Yes. And I think the aggregated level, it's a bit trickier to look at that because if you look at single companies, you have a lot of companies growing with -- still with double digit on orders. And they, of course, in their world, it's important to safeguard delivery service. So the average level is maybe difficult and not right to look at.
If you have any comments on sort of your expectations going forward regarding the inventory levels? Do you feel confident that this is sort of stable and shouldn't be an issue? Or are you trying to get some companies to really look into this in a more intense way?

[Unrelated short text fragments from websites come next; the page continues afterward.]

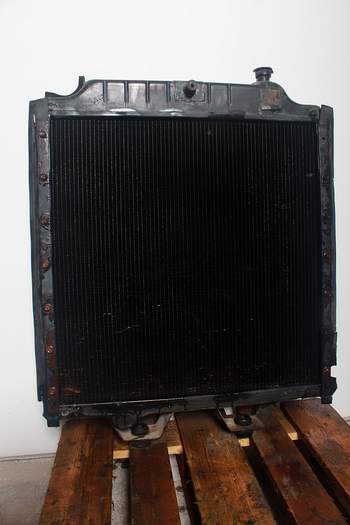 salg af New Holland 8870 A  Water Radiator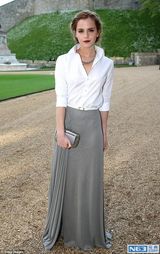 组图：艾玛简约长裙赴王室晚宴 与威廉王子热聊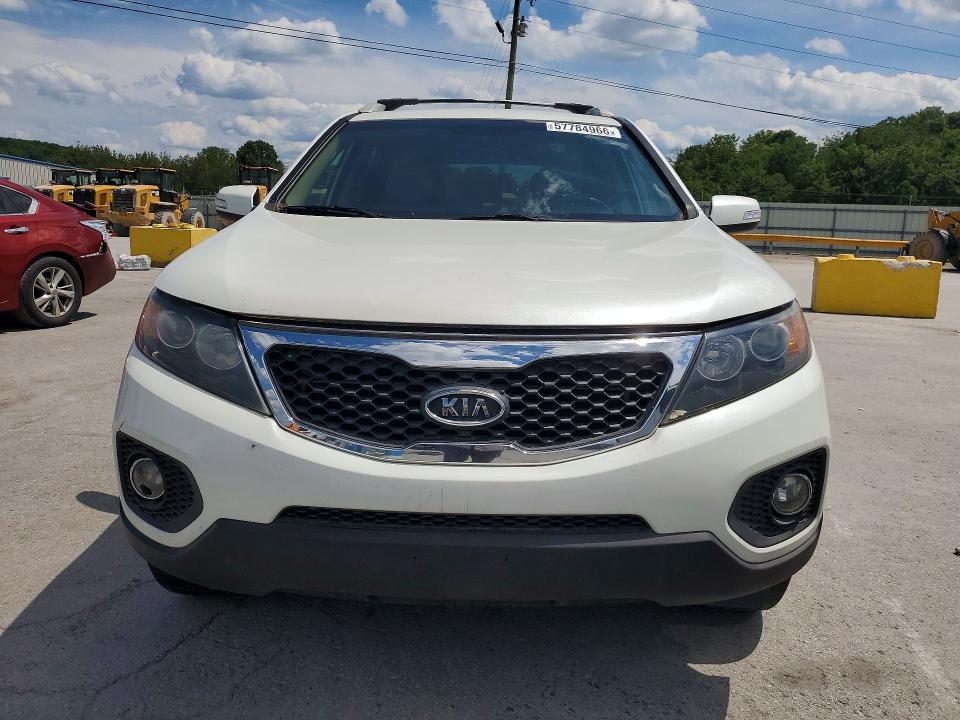 2012 Kia Sorento VIN 5XYKT3A66CG267890 COPART salvage auction — MINOR DENT/SCRATCHES, Tn - Certificate Of Title, sold $1,400 on 2026-07-06 (photo 5)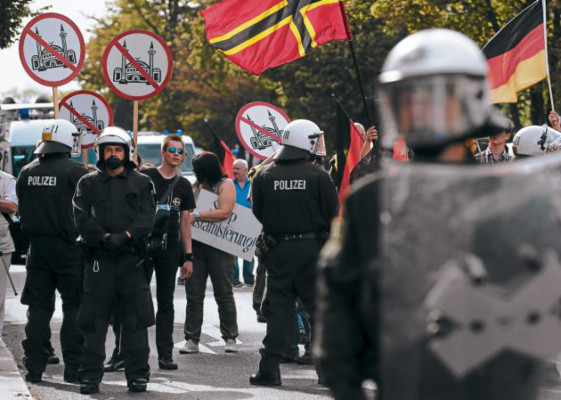 Doce muertos tras ataque suicida en protesta por película antiislam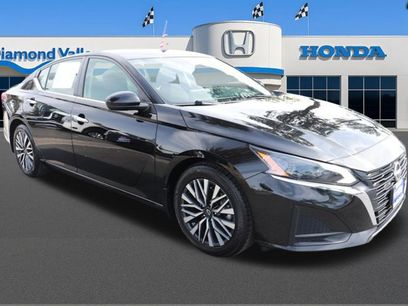 Used 2023 Nissan Altima 2.5 SV w/ SV Premium Package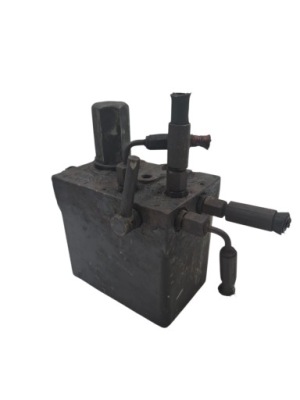 Man tga tgx помпа подъемник подъёма кабины фото №1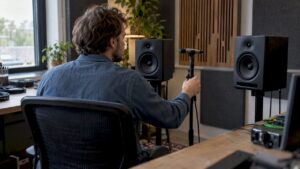Meetmicrofoon tussen twee gekalibreerde studiomonitoren
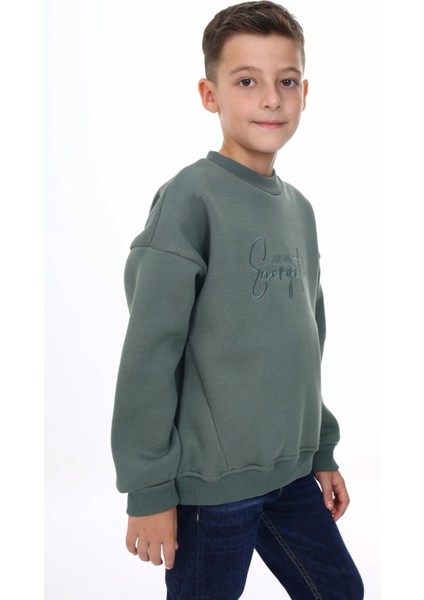 Erkek Çocuk Nakışlı Sweatshirt modelleri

No, I'm not at all satisfied with our capital efficiency and inventory situation. So as I said earlier, it's really a [audio gap] us as group management and also all the individual companies to step-by-step bring inventory levels down and has been so for a while. And we see signs of good progress now, and I am confident that the inventory levels will go down in the coming quarters.
There are no more questions at this time. So I hand the conference back to the speakers for any closing comments.
Yes. Then we thank you for your interest, your engagement, good questions. And hereby we end the call for today. Have a nice day going forward.